Besides, the liberators were calming a few Rwandans who’d escaped the dragnet of ex-FAR and Interahamwe forcing everybody to create a void. Another dragnet was a UN peacekeepers’ (UNAMIR) operation ring-fencing pockets of internally displaced persons (IDPs) camps that also lodged ex-FAR and Interahamwe. The peacekeepers seemed intent on scuttling any likely peace.

While the UNAMIR protected those pockets, there were hordes of foreign "Without Borders” charity organisations to cater to the IDPs’ wellbeing. Rescuers Without Borders, Feeders Without Borders, Doctors Without Borders, Reporters Without Borders, the ‘borderless’ lot.

Meanwhile, refugees long denied citizenship were coming in droves, uncertain of what awaited them; they’d so avidly longed for the preciousness of being ‘stateful’ again. Yet even with those full hands, the liberators settled them as comfortably as possible.

Just across the border, in Zaïre (DRC today), camped a large garrison of heavily armed ex-FAR and Interahamwe, training recruits as they received more heavy weaponry from a superpower. These, in turn, ring-fenced an even bigger number of refugees, holding them hostage, to use as a human shield but also prevent them from returning home.

Charity organisations were at hand in even bigger numbers to ensure the fugitives lacked for nothing: food, clothing, tent shelter, all. In fact, manna from heaven (cargo planes) fell in such large quantities that it inadvertently crushed heads of those it was destined for.

As this went on, the génocidaire-forces mounted incursions into Rwanda, as well as areas around the IDPs camps for those inside them, to resume their annihilation campaign.

What they hadn’t counted for was that the liberators were not ones for winking.
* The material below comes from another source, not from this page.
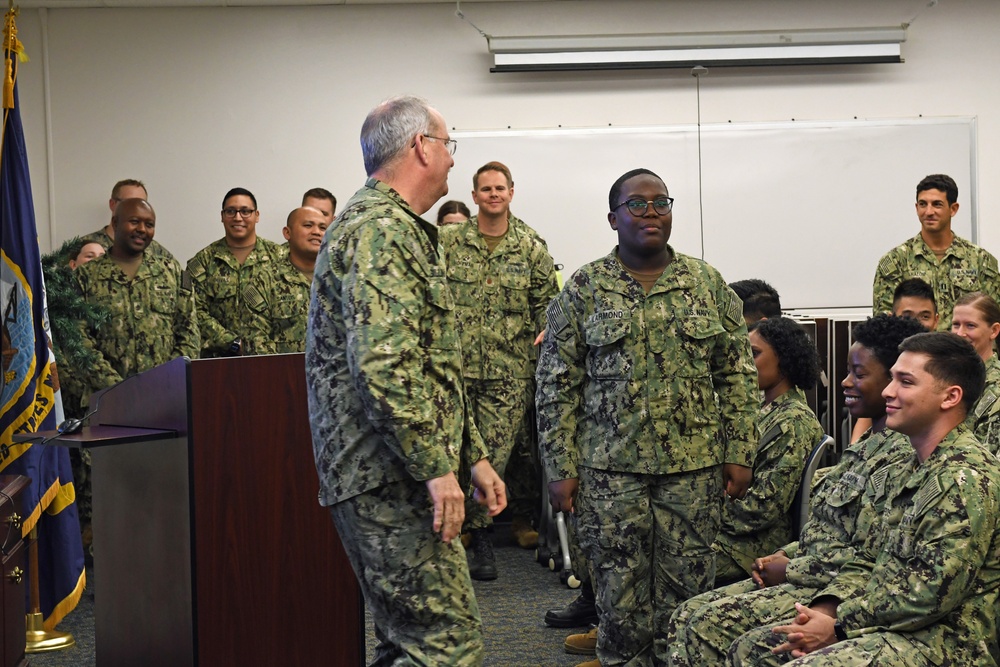 Rear Adm. Bruce Gillingham Shares His Priorities with Navy Medical Readiness Training Command Pearl Harbor Sailors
First, they cut through IDP-camps ring-fences, scattering the belligerents and freeing the IDPs to return home and resume their occupations. The charity organisations trooped to their counterparts in Zaïre.

But before all the organisations could say "Zaïre”, the liberators had dismantled the garrison there, scattering all génocidaires to liberate the refugees and set them on a homebound journey.

All Rwandans were now home. Not the hardliner génocidaires, though, who went roaming the earth, unlike their partners-in-crime who’d accepted responsibility and awaited courts’ judgement.  

And now started the true process of liberation.

It’s a gamut of a process that’s still ongoing. To serve the vision of those liberators, now infused into all Rwandans, will take a long time and a pooling of all energies.

But let’s not jump the gun. By the time of the IDPs camps' dismantling, a state and its governance had been put in place, working with partners and genuinely development-focused organisations to kick-start the economy. Institutions and companies were astir and citizens worked the land.

The Gacaca community court system was clearing thousands of genocide cases and re-establishing unity and reconciliation among victims and perpetrators. From unhygienic Nyakatsi habitation to hard roofs and walls, then to today’s expanding model villages that mean modern housing for the poor. From malnutrition to the Girinka programme that has meant a balanced diet for poor families. 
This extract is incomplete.